How will healthcare analytics evolve in the next five years? - Cover

How will healthcare analytics evolve in the next five years?

I recently learned that over half of all adult Americans and 80% of Americans age 18 to 34 own a smartphone.* Considering that the real onset of smartphone use didn’t begin until seven years ago when the first iPhone came out, the pace of adoption is staggering.

Healthcare analytics is poised for similar growth: providers now have massive amounts of electronic data and are ready to invest heavily in tools and make sense of it. Here is how the market is primed for dramatic growth:

1. EMR and Healthcare-Specific Vendors Are on the Rise

When people thought about healthcare BI a few years ago, some well-known cross-industry vendors such as SAP, IBM, or Oracle might have jumped into their minds first. But nowadays it has become harder and harder to tell which type of vendor has more market presence. With the increasing need for healthcare specificity from providers, vendors such as Optum (Humedica), Advisory Board, and Health Catalyst continue to gain mindshare, and EMR enterprise vendors have also upped their ante for being providers’ analytics partners. At the same time, cross-industry BI vendors are building healthcare analytics solution platforms to create data models with specific healthcare content and knowledge.

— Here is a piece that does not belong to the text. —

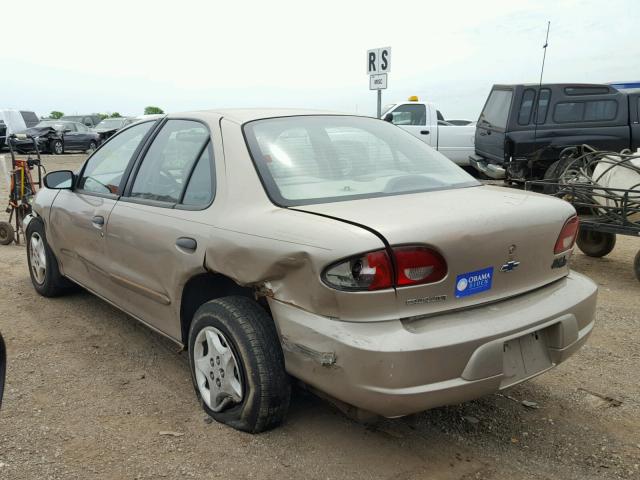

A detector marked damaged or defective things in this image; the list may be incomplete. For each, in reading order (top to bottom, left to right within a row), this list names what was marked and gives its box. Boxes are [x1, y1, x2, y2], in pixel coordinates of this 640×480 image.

rear bumper damage [268, 272, 596, 418]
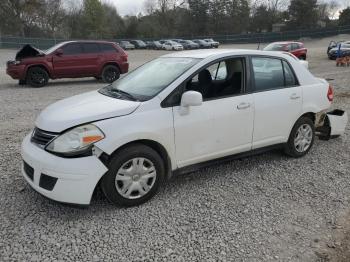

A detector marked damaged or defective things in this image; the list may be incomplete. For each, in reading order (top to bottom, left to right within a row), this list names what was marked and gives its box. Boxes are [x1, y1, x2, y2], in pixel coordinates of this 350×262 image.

damaged front bumper [316, 109, 348, 140]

2. Usability Needed: ACO and Population Health

If you recall, KLAS’ BI report two years ago measured vendors’ impact on change from the standpoint of provider experiences. Knowledge dissemination and end-user adoption were the top-two factors for facilitating changes and driving results. Now usability is defined more by doing than knowing, and it has also become more clinically driven as providers have moved toward valued-based care and started to build strategies around population health analytics.

3. Business Users and Clinicians Want Empowerment

Years ago, hospitals might have thought of BI as a function mostly associated with finance and traditionally disseminated by the IT department. However, we have seen a shift to more decentralized end users, including business users and clinicians who want to feel more empowered to make real-time decisions. Hence, there is the increasing need for tools that promote self-service with great visualization, ease of use, and drill-ability. That might partially explain the stickiness of QlikTech and Tableau in healthcare.

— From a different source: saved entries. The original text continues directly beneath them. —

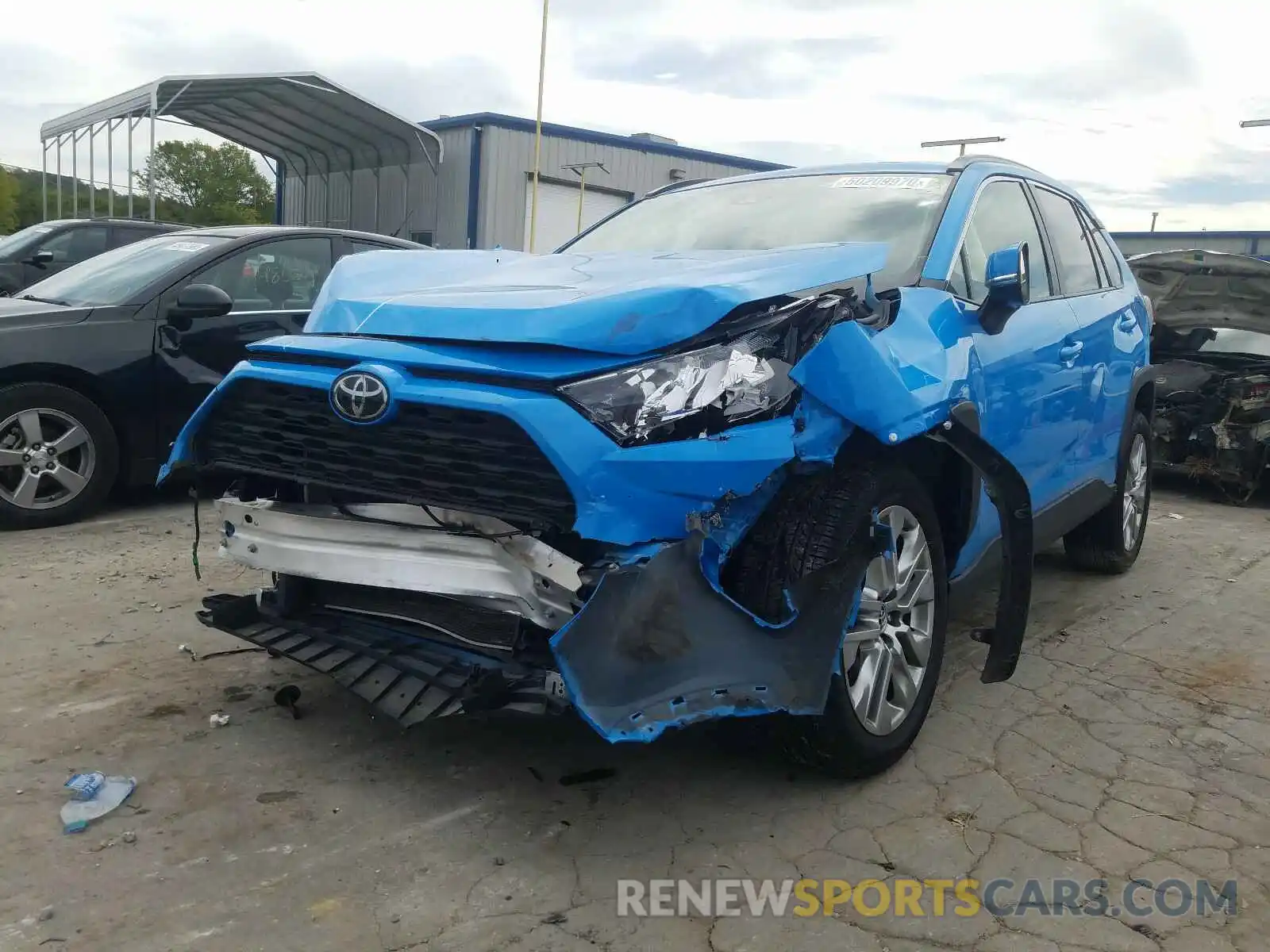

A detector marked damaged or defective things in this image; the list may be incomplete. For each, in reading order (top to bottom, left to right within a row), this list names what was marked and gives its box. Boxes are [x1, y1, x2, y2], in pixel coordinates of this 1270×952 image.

broken grille [197, 378, 575, 527]
cracked hood [303, 244, 889, 355]
wrecked vehicle [164, 156, 1156, 777]
damaged rear vehicle [164, 156, 1156, 777]
damaged headlight [562, 325, 800, 444]
cracked hood [1124, 249, 1270, 335]
damaged rear vehicle [1124, 249, 1270, 501]
wrecked vehicle [1124, 251, 1270, 505]
cracked pavement [0, 489, 1264, 946]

So, can we expect more changes and a more exciting road ahead? ABSOLUTELY. My teammate Joe Van De Graaff, author of our latest BI report, “Analytics for Value-Based CareA NewParadigm,”will have a more in-depth blog discussion around this paradigm shift and the drivers behind it this Thursday, May 29th. 

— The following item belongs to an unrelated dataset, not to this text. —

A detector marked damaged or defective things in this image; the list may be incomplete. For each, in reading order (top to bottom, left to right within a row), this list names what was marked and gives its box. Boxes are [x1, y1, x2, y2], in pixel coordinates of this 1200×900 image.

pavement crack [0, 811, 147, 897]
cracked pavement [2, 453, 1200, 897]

Looking ahead, will we see more convergence in the functionality provided by cross-industry and healthcare-specific vendors? What about the big data generated by sociodemographic behaviors beyond the EMR? What about more in-depth understanding and analysis of operational and financial data combined with clinical data? These types of questions remind us that the healthcare BI market is only at the beginning of this data-driven journey and that perhaps it is ready to take off in the same way the smartphone market was seven years ago.

*Pew Internet and American Life Project, Smartphone Ownership 2013.